[Caption-style text data]
= = = = = = =

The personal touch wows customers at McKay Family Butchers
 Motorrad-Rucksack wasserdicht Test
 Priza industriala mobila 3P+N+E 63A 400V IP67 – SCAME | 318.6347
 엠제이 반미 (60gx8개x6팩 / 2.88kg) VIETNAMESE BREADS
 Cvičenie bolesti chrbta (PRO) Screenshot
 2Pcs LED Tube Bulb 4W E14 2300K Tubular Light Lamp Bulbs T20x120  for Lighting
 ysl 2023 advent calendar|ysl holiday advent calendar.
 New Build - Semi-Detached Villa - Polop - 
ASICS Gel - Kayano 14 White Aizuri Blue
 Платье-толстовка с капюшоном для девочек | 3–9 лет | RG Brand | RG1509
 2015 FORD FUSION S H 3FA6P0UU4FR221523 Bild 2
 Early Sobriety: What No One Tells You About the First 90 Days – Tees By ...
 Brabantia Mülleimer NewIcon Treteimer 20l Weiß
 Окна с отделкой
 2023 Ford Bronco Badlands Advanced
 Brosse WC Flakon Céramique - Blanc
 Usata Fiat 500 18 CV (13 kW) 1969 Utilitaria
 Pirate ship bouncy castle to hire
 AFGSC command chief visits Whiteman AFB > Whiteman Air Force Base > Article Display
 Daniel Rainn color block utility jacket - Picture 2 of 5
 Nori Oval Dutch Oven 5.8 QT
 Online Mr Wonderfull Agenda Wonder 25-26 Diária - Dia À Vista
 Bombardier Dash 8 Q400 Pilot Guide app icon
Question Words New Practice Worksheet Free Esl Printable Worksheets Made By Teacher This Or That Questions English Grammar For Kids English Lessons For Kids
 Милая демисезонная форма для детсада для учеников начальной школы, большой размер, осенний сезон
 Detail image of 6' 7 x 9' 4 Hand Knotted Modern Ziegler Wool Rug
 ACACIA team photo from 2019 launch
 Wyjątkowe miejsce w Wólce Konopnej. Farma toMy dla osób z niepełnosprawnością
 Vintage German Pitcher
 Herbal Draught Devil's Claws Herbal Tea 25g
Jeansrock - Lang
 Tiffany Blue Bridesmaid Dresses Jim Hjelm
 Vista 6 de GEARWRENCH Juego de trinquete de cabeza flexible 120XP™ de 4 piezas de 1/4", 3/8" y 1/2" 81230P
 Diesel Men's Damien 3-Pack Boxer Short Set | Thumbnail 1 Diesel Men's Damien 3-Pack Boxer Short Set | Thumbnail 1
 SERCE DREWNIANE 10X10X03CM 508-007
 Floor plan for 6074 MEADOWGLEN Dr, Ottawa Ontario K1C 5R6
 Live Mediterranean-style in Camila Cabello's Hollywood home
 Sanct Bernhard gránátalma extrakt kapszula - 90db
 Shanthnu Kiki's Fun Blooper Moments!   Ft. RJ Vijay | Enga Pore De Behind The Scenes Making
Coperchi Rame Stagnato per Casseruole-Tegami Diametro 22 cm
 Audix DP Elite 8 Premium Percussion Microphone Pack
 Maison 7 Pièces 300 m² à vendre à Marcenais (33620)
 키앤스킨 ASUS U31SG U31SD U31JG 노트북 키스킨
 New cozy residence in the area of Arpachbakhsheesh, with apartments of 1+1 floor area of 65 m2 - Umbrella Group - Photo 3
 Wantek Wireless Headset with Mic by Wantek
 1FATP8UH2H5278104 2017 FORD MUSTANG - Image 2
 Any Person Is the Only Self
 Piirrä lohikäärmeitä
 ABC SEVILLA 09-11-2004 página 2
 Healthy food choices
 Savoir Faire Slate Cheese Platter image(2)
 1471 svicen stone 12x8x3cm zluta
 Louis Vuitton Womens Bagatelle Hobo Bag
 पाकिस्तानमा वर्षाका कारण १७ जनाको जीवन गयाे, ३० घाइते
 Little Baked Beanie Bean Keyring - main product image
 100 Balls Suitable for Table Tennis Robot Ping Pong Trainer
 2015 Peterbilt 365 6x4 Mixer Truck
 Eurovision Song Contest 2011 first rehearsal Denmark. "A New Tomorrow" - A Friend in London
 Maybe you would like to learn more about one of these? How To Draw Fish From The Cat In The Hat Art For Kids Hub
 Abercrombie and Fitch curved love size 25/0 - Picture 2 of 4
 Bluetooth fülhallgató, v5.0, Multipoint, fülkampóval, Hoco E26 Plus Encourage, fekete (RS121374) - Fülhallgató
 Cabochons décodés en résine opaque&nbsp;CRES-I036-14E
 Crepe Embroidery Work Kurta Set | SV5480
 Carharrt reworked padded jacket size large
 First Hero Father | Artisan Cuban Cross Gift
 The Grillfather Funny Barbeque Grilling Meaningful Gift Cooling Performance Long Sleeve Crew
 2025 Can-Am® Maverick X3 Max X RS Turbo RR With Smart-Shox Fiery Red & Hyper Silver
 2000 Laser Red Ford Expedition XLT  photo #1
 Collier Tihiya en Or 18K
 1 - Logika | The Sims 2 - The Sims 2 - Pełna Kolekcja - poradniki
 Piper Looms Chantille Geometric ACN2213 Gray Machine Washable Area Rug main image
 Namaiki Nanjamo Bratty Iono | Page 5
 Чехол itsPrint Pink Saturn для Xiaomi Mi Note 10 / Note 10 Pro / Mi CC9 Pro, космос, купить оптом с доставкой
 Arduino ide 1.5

= = = = = = =

**To do**
Where does the word "Pack" appear in the records above? Return every line that holds it.

**Result of the exercise**
 Diesel Men's Damien 3-Pack Boxer Short Set | Thumbnail 1 Diesel Men's Damien 3-Pack Boxer Short Set | Thumbnail 1
 Audix DP Elite 8 Premium Percussion Microphone Pack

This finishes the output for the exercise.